▶ [Try it] Copy every record verbatim. Leave the pictures out.

▶ [Supplied data]
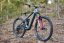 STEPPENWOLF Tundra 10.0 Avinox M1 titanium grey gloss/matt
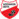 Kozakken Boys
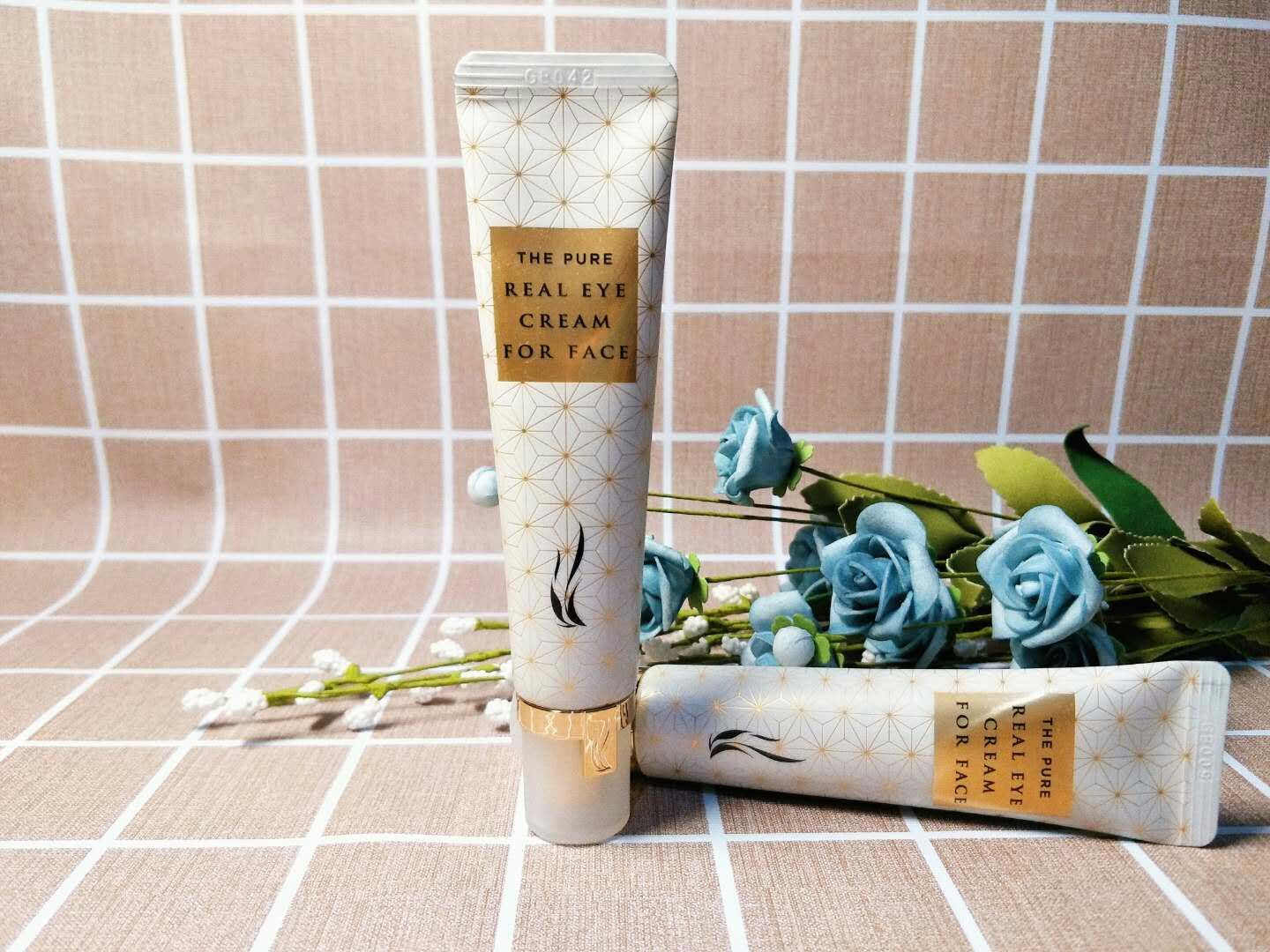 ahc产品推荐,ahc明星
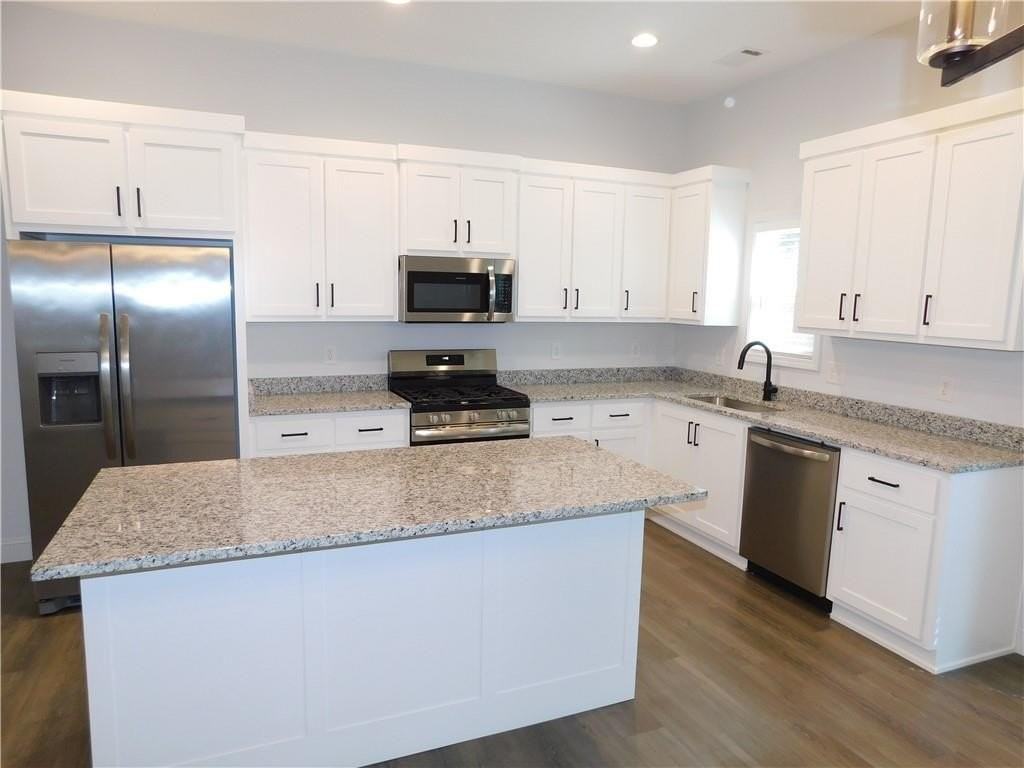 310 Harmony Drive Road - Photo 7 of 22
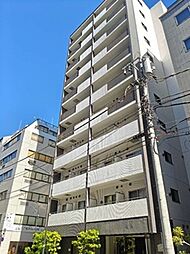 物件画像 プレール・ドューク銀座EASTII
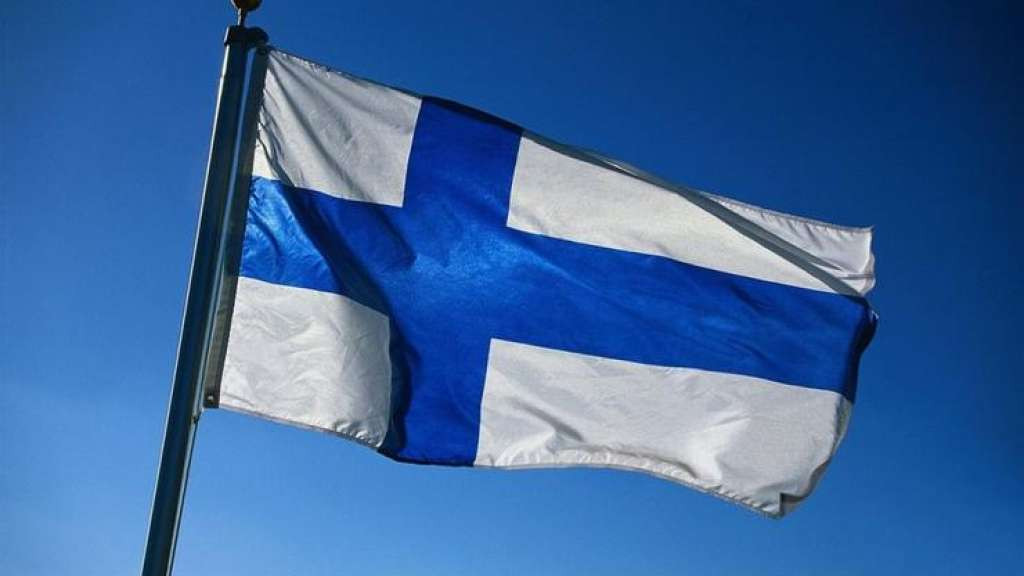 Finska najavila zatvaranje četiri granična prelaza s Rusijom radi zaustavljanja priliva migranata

▶ [Reply to the exercise]
 STEPPENWOLF Tundra 10.0 Avinox M1 titanium grey gloss/matt
 Kozakken Boys
 ahc产品推荐,ahc明星
 310 Harmony Drive Road - Photo 7 of 22
 物件画像 プレール・ドューク銀座EASTII
 Finska najavila zatvaranje četiri granična prelaza s Rusijom radi zaustavljanja priliva migranata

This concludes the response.